Si l’on rappelle que le service public est le patrimoine de ceux qui n’ont rien, il est aisé de comprendre que ce nouveau Président n’est pas celui de tous les Français et surtout pas celui des actifs, des retraités ou des chômeurs, en fait, des gens qui ne sont rien !
C’est dans ce cadre qu’est imposée la réforme du code du travail, la hausse de la CSG et toutes les mesures qui découleront de cette volonté d’être le bon élève de cette Europe libérale. C’est toujours dans la même logique, que l’aide publique au développement va connaître une réduction de 140 millions d’euros en 2018 ! C’est «la plus importante coupe budgétaire de l’aide publique au développement jamais connue. C’est l’équivalent de 1,9 million de personnes qui n’auront plus accès à des soins de santé primaire » dénonce Michael Siegel, chargé de plaidoyer à Oxfam (6).
En marche vers l’abime !
En affirmant la prédominance des privilèges dont quelques-uns jouissent, au préjudice de tous les autres les nouveaux députés de la « République en Marche » conduisent la majorité des Français dans l’abime du fondement des inégalités.
(1) Emmanuel Macron, 15 juin 2017- salon VivaTech Paris
(2) J.J. Rousseau : « Discours sur l’origine et les fondements de l’inégalité parmi les hommes » - 1755
(3) Emmanuel Macron obtient un DEA de philosophie à l’université de Nanterre.
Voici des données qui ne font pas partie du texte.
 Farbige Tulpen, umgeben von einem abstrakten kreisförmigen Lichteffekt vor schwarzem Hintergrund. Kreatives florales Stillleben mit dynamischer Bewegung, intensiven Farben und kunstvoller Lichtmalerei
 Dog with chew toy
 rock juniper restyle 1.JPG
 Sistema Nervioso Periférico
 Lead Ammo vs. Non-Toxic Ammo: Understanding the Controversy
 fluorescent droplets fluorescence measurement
Ses objets d’étude ? Machiavel, Hegel
(4) Le crédit d'impôt pour la compétitivité et l'emploi (CICE) équivaut à une baisse de cotisations sociales pour toutes les entreprises, y compris les PME et les TPE
(5) « Macron change de cap sous la pression des milieux d'affaires » 10 juillet 2017 Par Romaric Godin et Laurent Mauduit - Médiapart
(6) Oxfam France est membre de la confédération Oxfam, une organisation internationale de développement qui mobilise le pouvoir citoyen contre la pauvreté.